En ciertos pasajes de la novela, el protagonista parece desplazarse por un mundo que se ha quedado repentinamente vacío, y en el cual todos estos personajes secundarios son la aparición fantasmal que trae el otro yo del juez. Lo confiesa, por boca de uno de sus procesados. Yo no quiero ser el que soy. Quiero ser el otro, el otro que vive conmigo. Tal es su contradicción humana, de la que parece no poder desasirse sino a través de gestos de mutilación, realizados por mano de esos otros sobre cuyos destinos y voluntades tiene poder.
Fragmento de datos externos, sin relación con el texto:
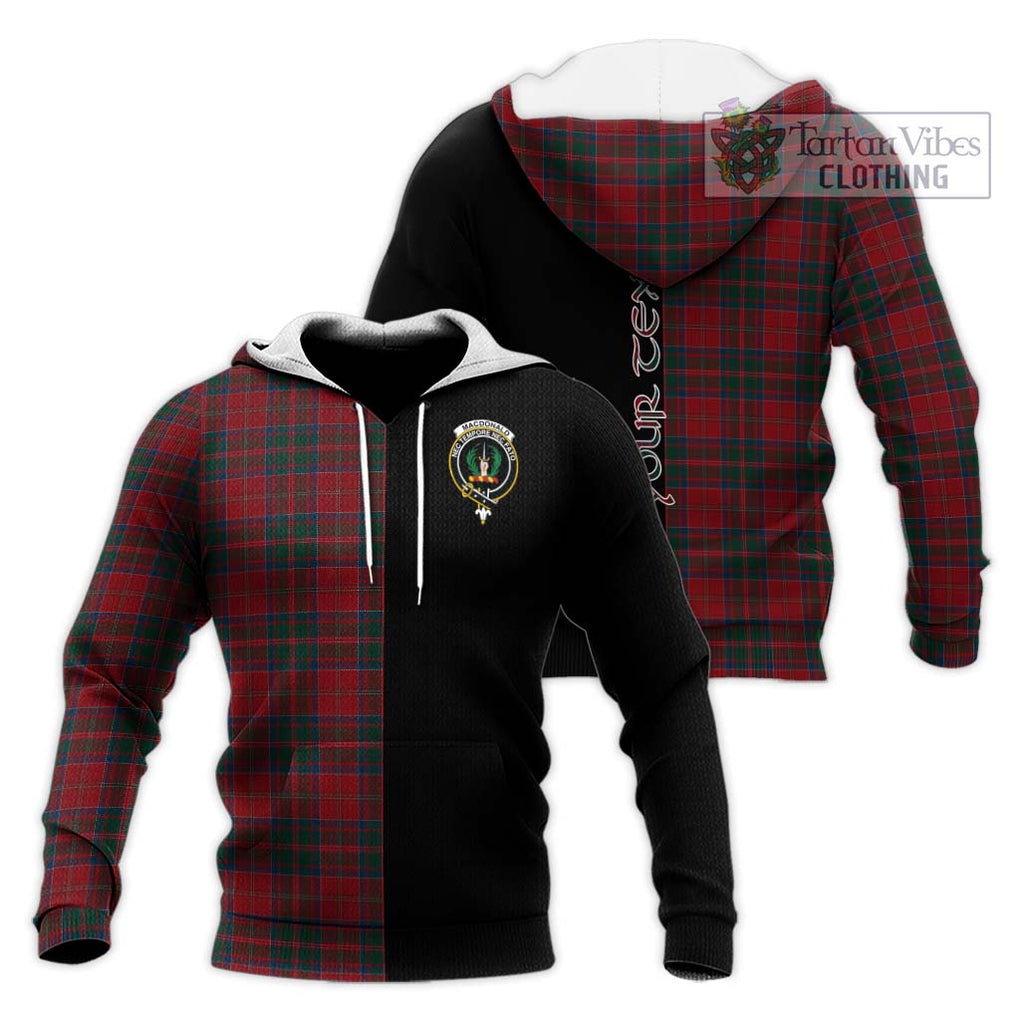 MacDonald (McDonald) of Glencoe Tartan Knitted Hoodie with Family Crest and Half Of Me Style Unisex Knitted Pullover Hoodie - Tartanvibesclothing Shop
Entre la mutilación y la locura, este buen ciudadano expresa un sentimiento de libertad que se expresa en la siguiente sentencia: Esto es la vida, un estero que deja un día de serlo y sin saber cómo, ni cuándo, ni por qué, se convierte en un río irresistible.
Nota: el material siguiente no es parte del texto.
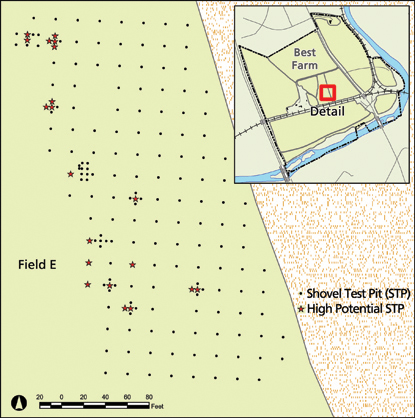 A computer made map showing the location of shovel test pits done during the archeological survey at the Best Farm.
Tal es, más menos, la trama de la historia que Juan Mihovilovich nos propone. Así expuesta, parece algo siniestra. Pero la novela El contagio de la locura, más que una visita a la enajenación posible de un personaje equis, en este caso un juez rural, es una mirada a nuestra condición humana, donde la verdadera lucha, la que se libra todos los días es aquella que busca un motivo para luchar, esto es una razón para estar vivo.
Quiero destacar de mi primera y segunda lecturas, la precisión del texto, un estilo depurado, conciso que renuncia a la imagen, el tropo o cualquier suerte de preciosismo de lenguaje, entregando al lector un relato casi circunstanciado de hechos a través de un refinado despliegue de acontecimientos, cuyo desarrollo orillea permanentemente la ambigüedad, un recurso que refuerza la idea de la locura. Si, en algunos pasajes el poeta gana la partida al narrador, este último ha vencido finalmente amarrando las alas de un discurso que pudo extraviarse por otros rumbos. Esta precisión del texto es, además de una virtud necesaria en escritos literarios, un componente más de la historia, que adquiere así atisbos de verosimilitud, no obstante los evidentes gestos de irracionalidad de que habla.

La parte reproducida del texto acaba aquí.